Obviously, a real bubble pop will impact the markets generally, but what do you think would be resilient if a 2001 style event happened again?
Any anti tech / AI bets? Anything that's not just uncorrelated, but negatively correlated? Treasuries didn't really spike in 2001. Tech is enough of the economy that rates probably would be cut if AI crashes? Anything else? Short copper? haha
Note: I'm not really anti tech or AI. I do think this is a useful exercise for building a robust portfolio, and that's the goal for this conversation. Identify the gaps for someone who might be largely US market cap based.

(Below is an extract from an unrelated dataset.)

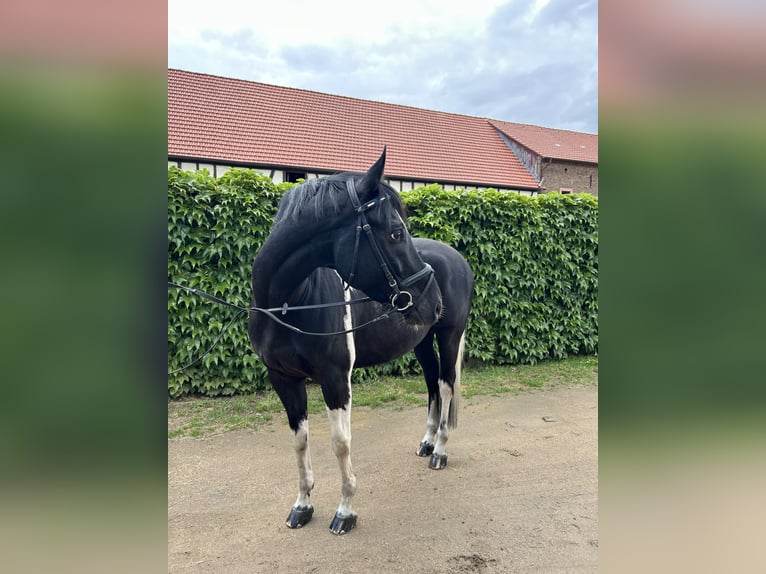 Polnisches Sportpferd Wallach 8 Jahre 164 cm Schecke in Hanau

Berkshire Hathaway holds ~$340B cash; historically buys back shares during market downturns, unlike tech firms with high capex. This cash fortress allows BRK to deploy capital at distressed valuations while providing downside resilience, making it a natural hedge in a tech-led crash. BRK.B is positioned to outperform in a broad sell-off due to cash liquidity and value-oriented holdings. If the sell-off is systemic (not sector-specific), BRK’s equity portfolio (e.g., Apple, Bank of America) could still decline meaningfully.
UnitedHealth Group is a defensive healthcare insurer with recurring revenue and limited AI/tech exposure. Healthcare demand is inelastic; UNH’s cash flows are relatively stable even during recessions, providing resilience. UNH offers a non-cyclical earnings base that can hold up better than tech during an AI unwind. Regulatory risk (Medicare/Medicaid policy changes) and potential impact of AI on healthcare efficiency could alter margins.
AllianceBernstein (AB) is a global asset manager with a consistent, large dividend yield (~7%+). High dividend payers provide steady income during a crash, reducing need to sell shares at depressed prices. AB serves as a defensive income play, though itself is not immune to market volatility. Dividend cuts possible if AUM falls sharply; correlation to equity markets remains high.
Chubb (CB) is a leading property & casualty insurer; insurance premiums are less correlated to tech cycles. In a crash, insurance holdings often provide stability due to underwriting discipline and float income. CB can act as a portfolio ballast, benefiting from rate hikes and low sensitivity to AI hype. Catastrophe losses or negative reserve development could weigh on earnings regardless of macro.
McDonald’s is a global consumer staple with recurring royalty and rental income from franchisees. Consumer defensive names like MCD maintain sales even during economic contraction; their real estate model adds asset backing. MCD’s predictable cash flows and dividend growth make it a staple for a safety portfolio. Input cost inflation or wage pressures could compress margins; a deep recession may reduce traffic.
This Reddit post, published June 03, 2026,
features u/AlternativeSignal908
discussing BRK.B, UNH, AB, CB, MCD.
5 trade ideas extracted by AI with direction and confidence scoring.